Among the entries below, copy every line that carries the word "test".

Segment Start: Data to process

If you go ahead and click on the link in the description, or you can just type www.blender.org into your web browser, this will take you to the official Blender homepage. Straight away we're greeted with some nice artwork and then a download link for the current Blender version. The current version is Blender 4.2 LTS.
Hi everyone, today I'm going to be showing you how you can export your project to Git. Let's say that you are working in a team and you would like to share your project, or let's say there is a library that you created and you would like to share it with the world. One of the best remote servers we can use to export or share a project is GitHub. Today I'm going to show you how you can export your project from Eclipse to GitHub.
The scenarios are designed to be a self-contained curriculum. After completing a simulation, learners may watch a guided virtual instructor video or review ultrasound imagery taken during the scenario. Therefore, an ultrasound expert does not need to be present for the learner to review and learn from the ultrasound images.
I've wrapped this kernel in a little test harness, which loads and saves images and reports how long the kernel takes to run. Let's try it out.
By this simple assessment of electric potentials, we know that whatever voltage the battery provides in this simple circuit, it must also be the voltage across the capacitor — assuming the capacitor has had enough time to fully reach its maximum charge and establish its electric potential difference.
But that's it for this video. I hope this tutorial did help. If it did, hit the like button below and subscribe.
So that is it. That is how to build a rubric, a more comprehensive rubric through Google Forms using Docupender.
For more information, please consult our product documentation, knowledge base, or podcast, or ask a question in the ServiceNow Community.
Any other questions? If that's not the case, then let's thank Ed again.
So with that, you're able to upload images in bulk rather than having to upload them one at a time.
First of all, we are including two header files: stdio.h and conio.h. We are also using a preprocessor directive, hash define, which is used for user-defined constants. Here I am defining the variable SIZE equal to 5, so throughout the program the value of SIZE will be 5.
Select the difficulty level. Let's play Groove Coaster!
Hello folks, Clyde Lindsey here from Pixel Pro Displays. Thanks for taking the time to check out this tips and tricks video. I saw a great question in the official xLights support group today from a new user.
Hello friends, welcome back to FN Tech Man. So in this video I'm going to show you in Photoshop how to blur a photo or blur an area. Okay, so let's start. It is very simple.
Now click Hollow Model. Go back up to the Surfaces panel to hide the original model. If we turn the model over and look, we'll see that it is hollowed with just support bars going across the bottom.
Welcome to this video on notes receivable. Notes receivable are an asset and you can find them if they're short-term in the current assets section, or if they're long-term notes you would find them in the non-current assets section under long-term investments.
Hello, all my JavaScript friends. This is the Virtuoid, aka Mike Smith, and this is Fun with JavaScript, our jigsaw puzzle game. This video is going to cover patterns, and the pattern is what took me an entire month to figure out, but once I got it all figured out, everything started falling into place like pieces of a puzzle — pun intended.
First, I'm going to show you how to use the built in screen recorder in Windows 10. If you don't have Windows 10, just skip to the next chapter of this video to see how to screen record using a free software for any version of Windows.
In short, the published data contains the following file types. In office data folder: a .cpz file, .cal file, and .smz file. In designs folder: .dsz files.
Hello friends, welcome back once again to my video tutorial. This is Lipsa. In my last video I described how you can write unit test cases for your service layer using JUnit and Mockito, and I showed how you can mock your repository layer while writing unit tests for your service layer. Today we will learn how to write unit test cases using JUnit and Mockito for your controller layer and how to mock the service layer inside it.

Segment End: Data to process

> **Task answer**
I've wrapped this kernel in a little test harness, which loads and saves images and reports how long the kernel takes to run. Let's try it out.
Hello friends, welcome back once again to my video tutorial. This is Lipsa. In my last video I described how you can write unit test cases for your service layer using JUnit and Mockito, and I showed how you can mock your repository layer while writing unit tests for your service layer. Today we will learn how to write unit test cases using JUnit and Mockito for your controller layer and how to mock the service layer inside it.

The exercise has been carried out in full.